I did a simple repeat loop and compared the word being searched for with
the first word of each entry. Works of course, but it's so slow...
If you're using "repeat with i = 1 to the number of lines..." we can definitely cut this time down by about an order of magnitude in one move, switching that to use "repeat for each line in..." instead.
When you use this:
repeat with i = 1 to the number of lines of tData
put line i of tData into tLine
-- do stuff on tLine
end repeat
....each time through the loop it has to count through each line in tData until it reaches i number of lines. So as you can surmise, each time through the loop it's slower than the last, and by the time you get past 100,000 lines it's dead slow.
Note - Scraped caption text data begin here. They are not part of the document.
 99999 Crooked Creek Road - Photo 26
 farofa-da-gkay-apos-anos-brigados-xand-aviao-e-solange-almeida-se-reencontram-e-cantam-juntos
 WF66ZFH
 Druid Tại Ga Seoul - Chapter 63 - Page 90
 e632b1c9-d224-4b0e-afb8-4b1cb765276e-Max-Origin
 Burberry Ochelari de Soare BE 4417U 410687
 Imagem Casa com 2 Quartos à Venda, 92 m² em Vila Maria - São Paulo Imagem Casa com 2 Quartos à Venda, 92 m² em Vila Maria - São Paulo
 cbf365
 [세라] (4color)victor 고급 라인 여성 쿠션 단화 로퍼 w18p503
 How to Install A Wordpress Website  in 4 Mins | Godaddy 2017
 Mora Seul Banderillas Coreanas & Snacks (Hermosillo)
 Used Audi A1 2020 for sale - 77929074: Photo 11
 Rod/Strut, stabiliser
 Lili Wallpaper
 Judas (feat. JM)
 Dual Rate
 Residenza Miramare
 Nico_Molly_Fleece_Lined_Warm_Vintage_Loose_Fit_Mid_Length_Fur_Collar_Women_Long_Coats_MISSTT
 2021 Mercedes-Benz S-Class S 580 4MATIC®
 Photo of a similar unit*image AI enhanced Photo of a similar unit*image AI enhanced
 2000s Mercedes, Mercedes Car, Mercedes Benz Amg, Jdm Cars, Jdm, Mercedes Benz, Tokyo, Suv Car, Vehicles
But if you change that to:
repeat for each line tLine in tData
-- do stuff on tLine
end repeat
...then Rev is parsing tData into lines as it goes, putting the current line into tLine and keeping track of where it is for the next iteration.
It's able to do this by making the critical assumption that tData doesn't change. Using "repeat with i = 1 to x" whatever you're parsing can be dynamic because it's going to count through the data anyway. But with "repeat for each" it's able to keep track of where it is as it goes because it doesn't allow tData to change.
It sounds like for your purposes the data set doesn't need to change, so you should be able to use the "repeat for each" form well.
Of course this assumes you're not already using that form. If you are let's take a look at the code to see if we can find other areas for optimization.